[Opening Stored data section]
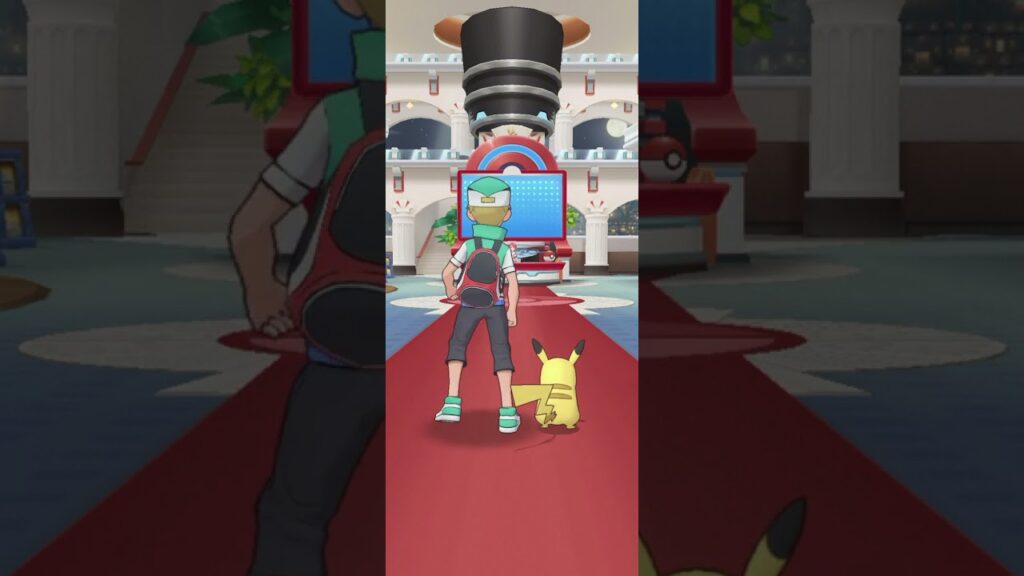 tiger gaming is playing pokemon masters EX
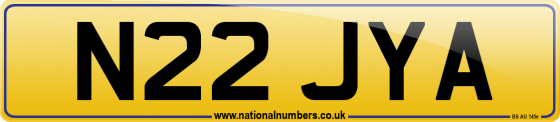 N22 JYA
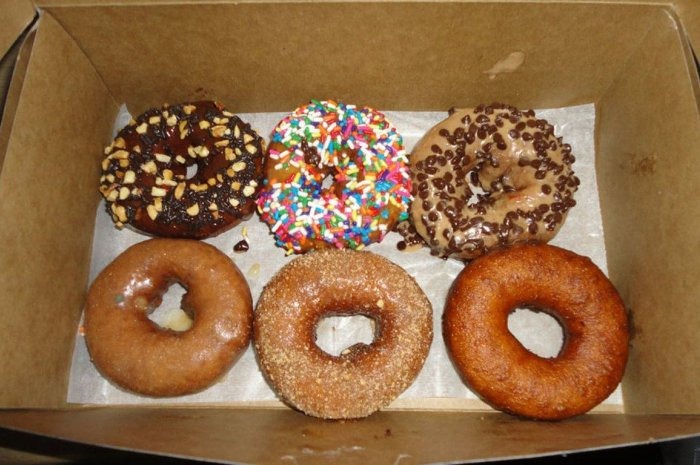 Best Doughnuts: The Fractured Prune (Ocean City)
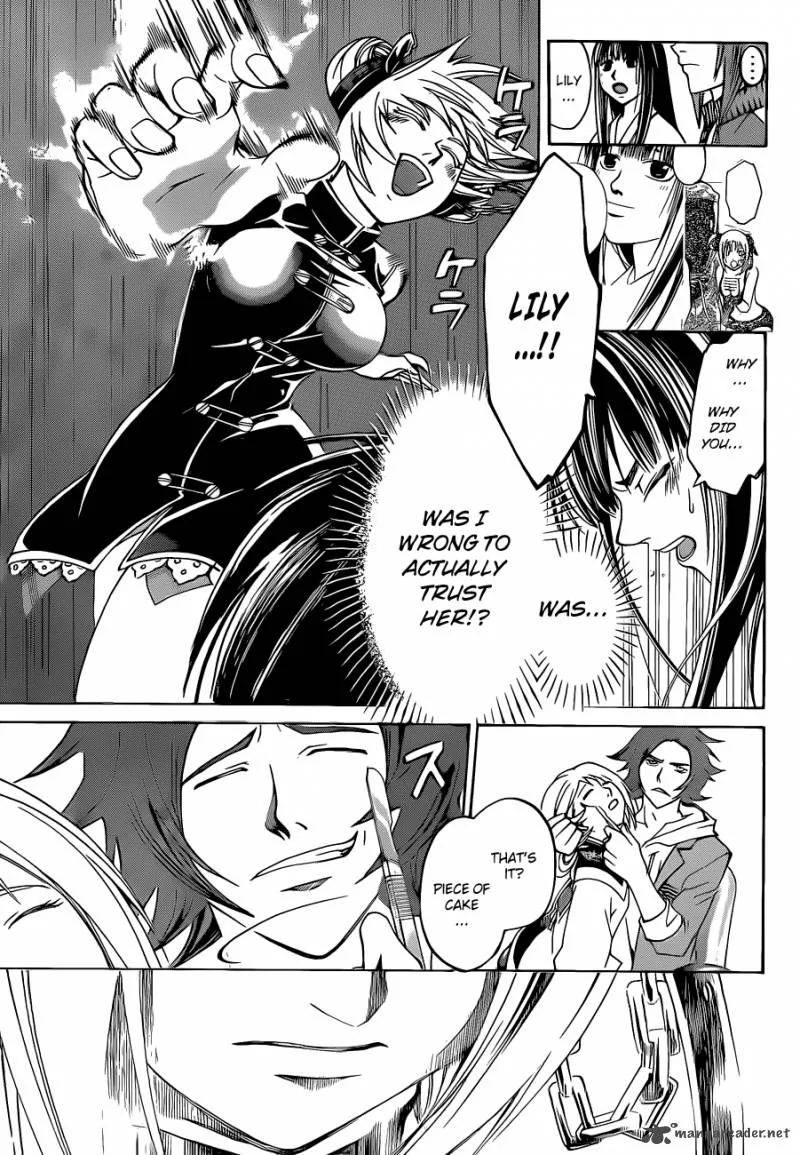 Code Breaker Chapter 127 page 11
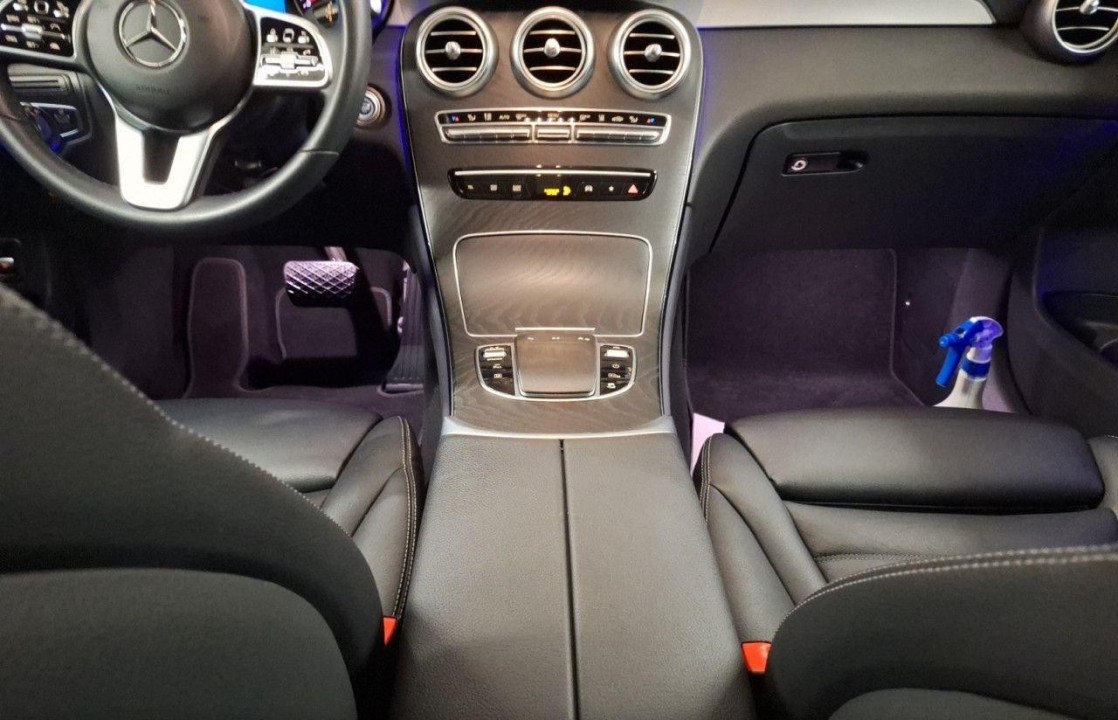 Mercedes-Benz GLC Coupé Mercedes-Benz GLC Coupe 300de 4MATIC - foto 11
[Closing Stored data section]
## Try it
Your answer must be an exact transcription of the records above, minus the pictures.

## Solution to this task
 tiger gaming is playing pokemon masters EX
 N22 JYA
 Best Doughnuts: The Fractured Prune (Ocean City)
 Code Breaker Chapter 127 page 11
 Mercedes-Benz GLC Coupé Mercedes-Benz GLC Coupe 300de 4MATIC - foto 11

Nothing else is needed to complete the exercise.